» Exercise goal:
Could you repeat exactly the lines below, from the line containing "Oportunidade" through the last one, both included, while leaving out any pictures?

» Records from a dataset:
= = = =

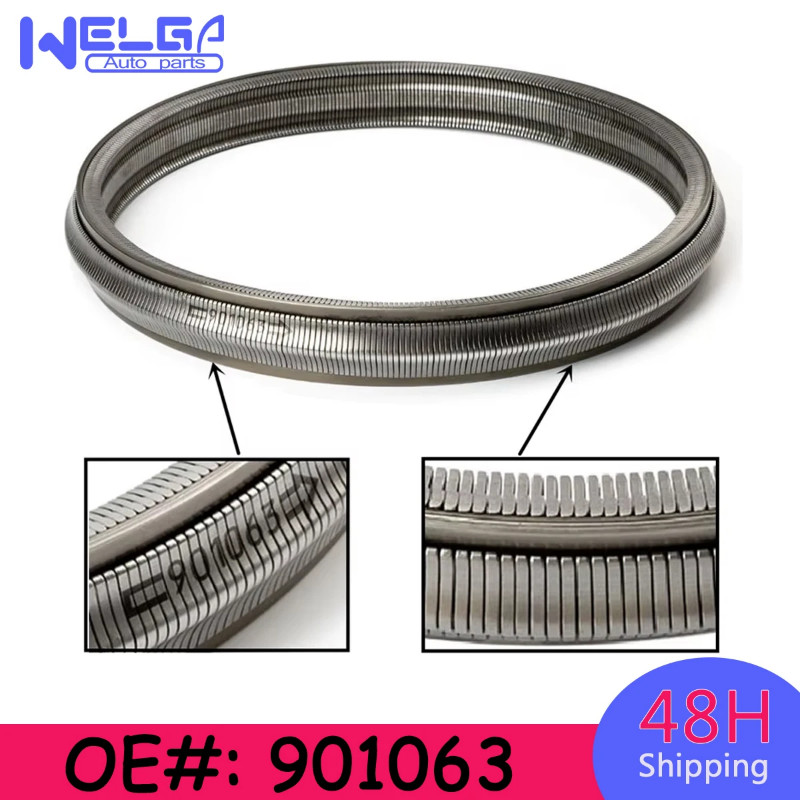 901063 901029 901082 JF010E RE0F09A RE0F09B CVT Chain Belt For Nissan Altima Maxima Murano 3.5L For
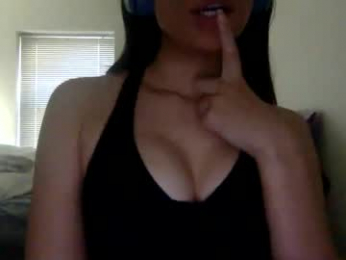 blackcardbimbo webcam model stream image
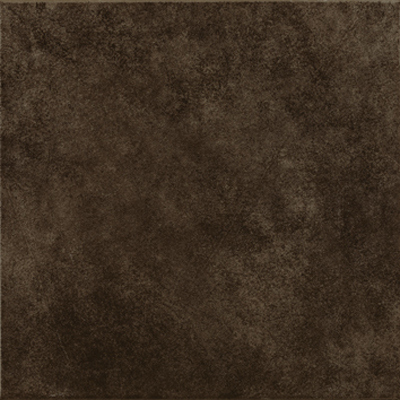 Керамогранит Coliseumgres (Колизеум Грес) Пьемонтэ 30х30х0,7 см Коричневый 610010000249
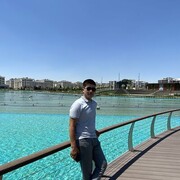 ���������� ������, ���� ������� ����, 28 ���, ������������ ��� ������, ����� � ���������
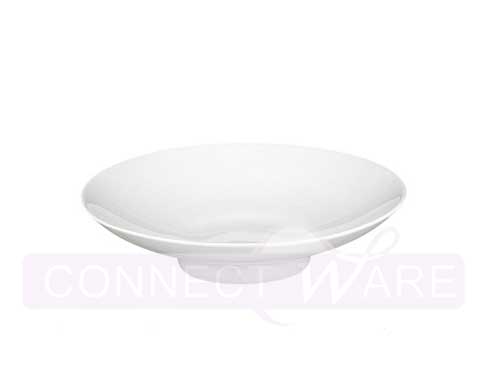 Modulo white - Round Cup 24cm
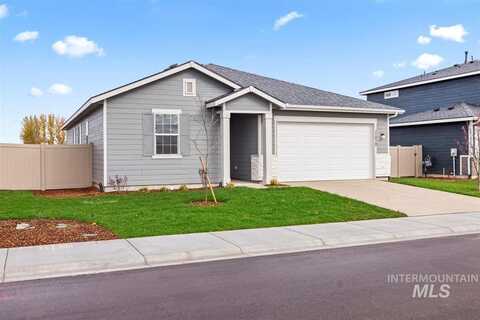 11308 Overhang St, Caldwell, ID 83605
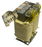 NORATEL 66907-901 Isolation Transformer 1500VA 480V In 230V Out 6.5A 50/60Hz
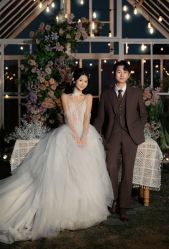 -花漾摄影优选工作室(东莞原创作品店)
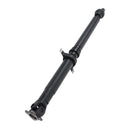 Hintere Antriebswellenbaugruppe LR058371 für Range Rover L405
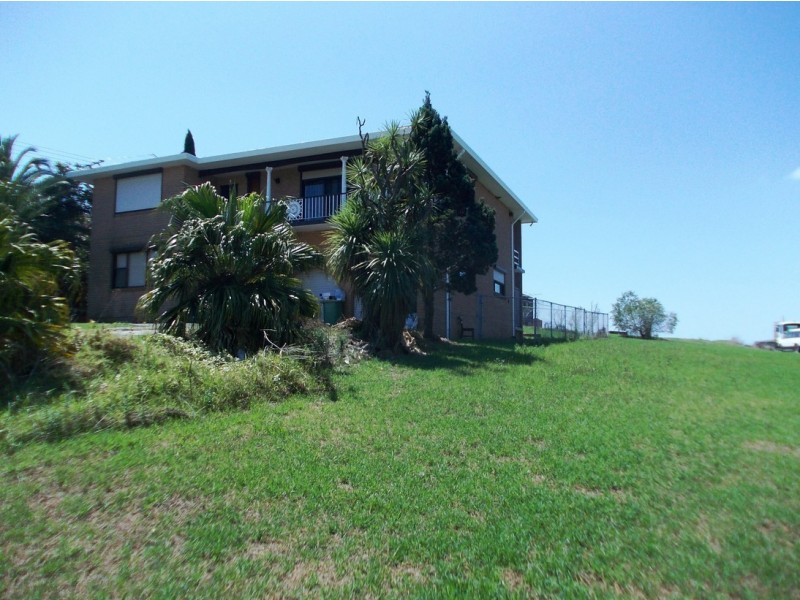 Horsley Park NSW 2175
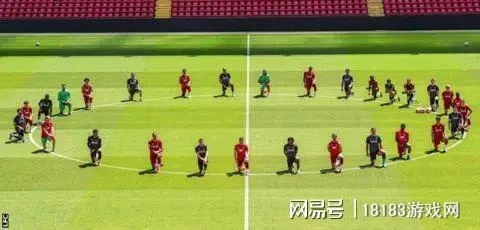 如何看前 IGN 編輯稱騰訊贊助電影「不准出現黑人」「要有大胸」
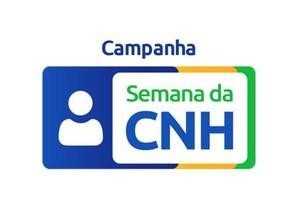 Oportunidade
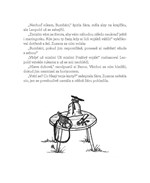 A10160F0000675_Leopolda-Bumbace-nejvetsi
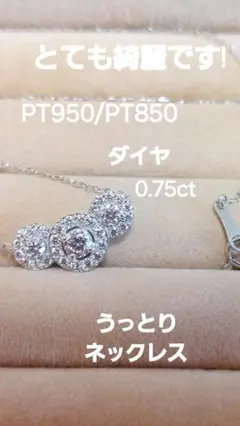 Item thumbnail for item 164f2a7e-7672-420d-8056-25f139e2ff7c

= = = =

» Written reply:
 Oportunidade
 A10160F0000675_Leopolda-Bumbace-nejvetsi
 Item thumbnail for item 164f2a7e-7672-420d-8056-25f139e2ff7c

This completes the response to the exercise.